In the center of the extensive composition of the Vitae religiosae typica descriptio, there is a figure of a crucified monk in a white habit, with a crown of thorns on his head, blindfolded eyes, and a padlocked mouth. It is intended to both illustrate the dangers that await a monk on his spiritual journey and be a model for him to follow.
The extensive symbolism in the painting shows the life that each monk will probably lead. Therefore, it is treated as a warning, but also as a hope for achieving sanctity.
The ideal of contemplative life - vita contemplativa - is to choose to be crucified for the world during temporal life. Following the crucified Jesus Christ (imitatio Christi) and following the Rule are ways to overcome the three evil powers: the Devil, the mortal body, and the charms of this world. Suspension on the cross suspends the monk above temporal reality, showing the way to salvation: through spiritual and physical austerities.
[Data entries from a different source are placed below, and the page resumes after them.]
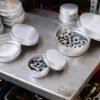 LJY 48 Pieces Round Aluminum Cans Screw Lid Metal Tins Jars Empty Slip Slide Containers (Mixed Sizes)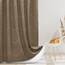 Siiluminisoy Extra langer Boho-Duschvorhang, gewebter Stoff, 213,4 cm, Khaki, 183,4 x 213,4 cm, getuftet, Chevron, gestreift, modern, schick, strukturiert, minimalistisch, Badezimmer-Duschvorhang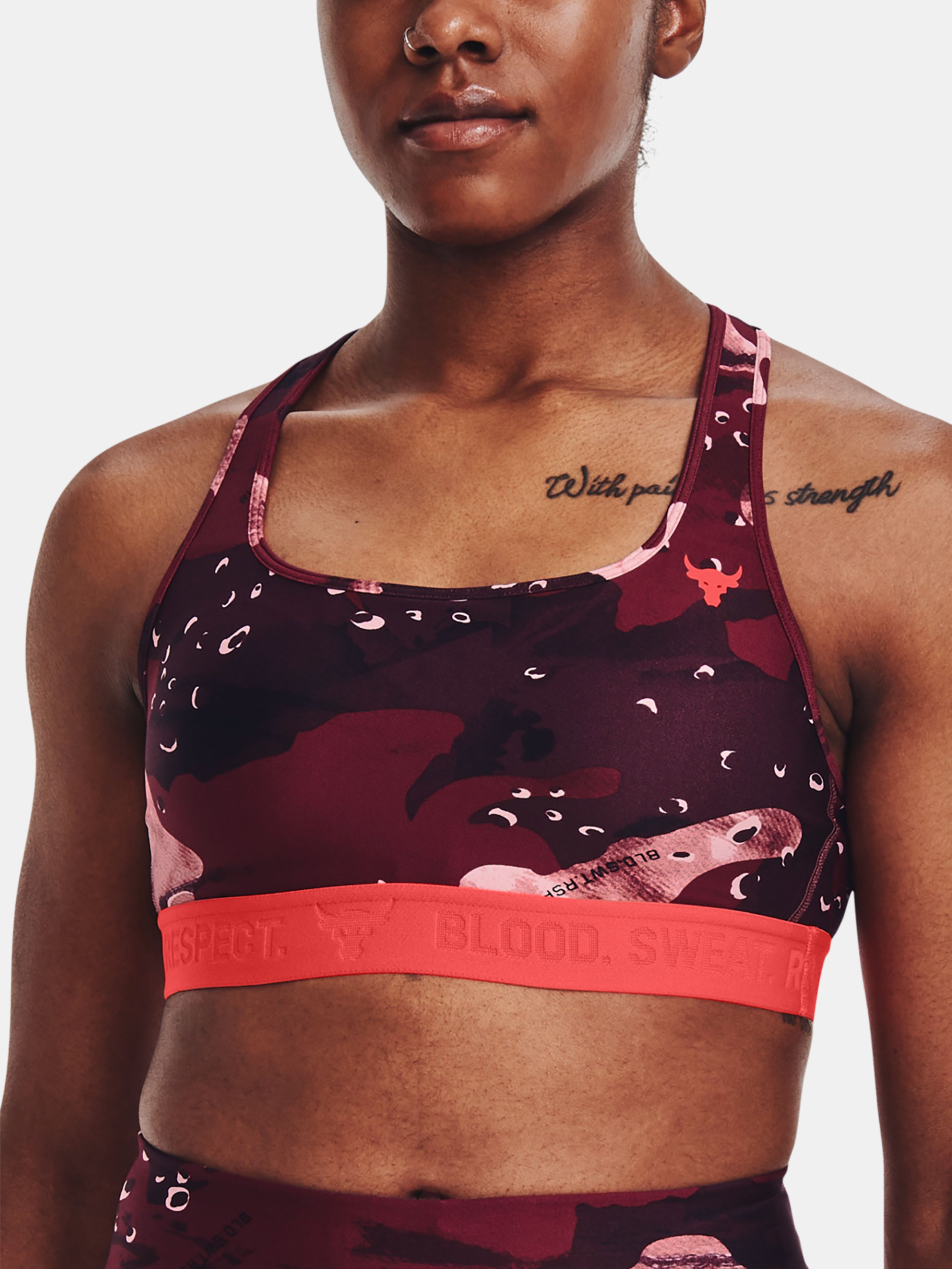 Női melltartó Under Armour UA Prjct Rock Printed Bra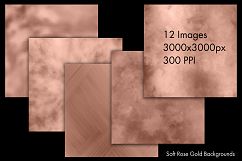 Soft Rose Gold Backgrounds - 12 Image Set Product Image 2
A crucified monk in a white habit symbolizes both the following of Jesus Christ (readiness to surrender his body to torments), as well as innocence and the pursuit of holiness.
His lips, locked with a padlock, symbolize humility. The roses painted on the ends of the arms and at the bottom of the cross symbolize the religious vows of obedience, chastity, and poverty. The monk holds in his two hands, nailed to the cross, burning oil lamps. These are a symbol of enlightenment and erudition. The monk is surrounded by plaques and bands with quotes from the Holy Bible.The devil - grotesquely depicted as a hairy figure with hooves and horns - tries to overthrow the cross, embedded in a two-tier base. A half-naked, blindfolded figure, attacked by vermin, is aimed with arrows at the monk. This symbolizes the mortality of the body. Below the cross there is a coffin with the inscription: Mundo mortuus (Dead for the World).
The whole composition is overseen by Christ holding two crowns in his hands: one of thorns and the other of gold.